Gates said Tuesday it is important for both sides to jointly investigate civilian casualties and that Mr. Karzai and the Afghan people recognize the U.S.-led NATO coalition is an ally trying to help Afghanistan see an end to the conflict.

Earlier Tuesday, Mr. Karzai warned NATO-led forces not to become an “occupying force” in Afghanistan after a spate of civilian casualties resulting from coalition airstrikes.

Mr. Karzai told reporters in Kabul he would take unspecified action if the killing of innocent civilians continues. He also stressed that the Afghan people can no longer tolerate airstrikes which target civilian houses, and said it was his last warning.

Gates said the Taliban causes about 80 percent of civilian casualties in Afghanistan, and that militants are targeting civilians with IEDs and other attacks.

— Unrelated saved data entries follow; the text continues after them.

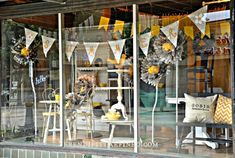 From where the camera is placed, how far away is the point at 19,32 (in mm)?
6156

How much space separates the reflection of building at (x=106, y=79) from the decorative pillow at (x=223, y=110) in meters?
0.05

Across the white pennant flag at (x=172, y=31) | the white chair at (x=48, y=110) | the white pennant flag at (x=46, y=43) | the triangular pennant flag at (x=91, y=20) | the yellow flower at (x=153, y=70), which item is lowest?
the white chair at (x=48, y=110)

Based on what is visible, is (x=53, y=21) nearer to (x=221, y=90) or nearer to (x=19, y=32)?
(x=19, y=32)

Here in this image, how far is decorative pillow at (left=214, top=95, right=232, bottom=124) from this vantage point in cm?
506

In Brussels, NATO spokeswoman Oana Lungescu said Tuesday that airstrikes on buildings that might appear to be residential are necessary, but added that NATO takes Mr. Karzai's concerns seriously and will continue making every effort to prevent civilian casualties.

A spokeswoman for the International Security Forces in Afghanistan, Lieutenant Colonel Regina Winchester, said NATO forces have clear rules of engagement intended to minimize civilian casualties.

U.S. and NATO troops are in Afghanistan under a U.N. mandate that is due to expire in October. Negotiations on what the status of foreign troops will be after that date continue. President Karzai has said that he will put strict controls on the conduct of international forces in any agreement.

NATO said in a statement Wednesday that one of its service members died Tuesday in an insurgent attack in eastern Afghanistan.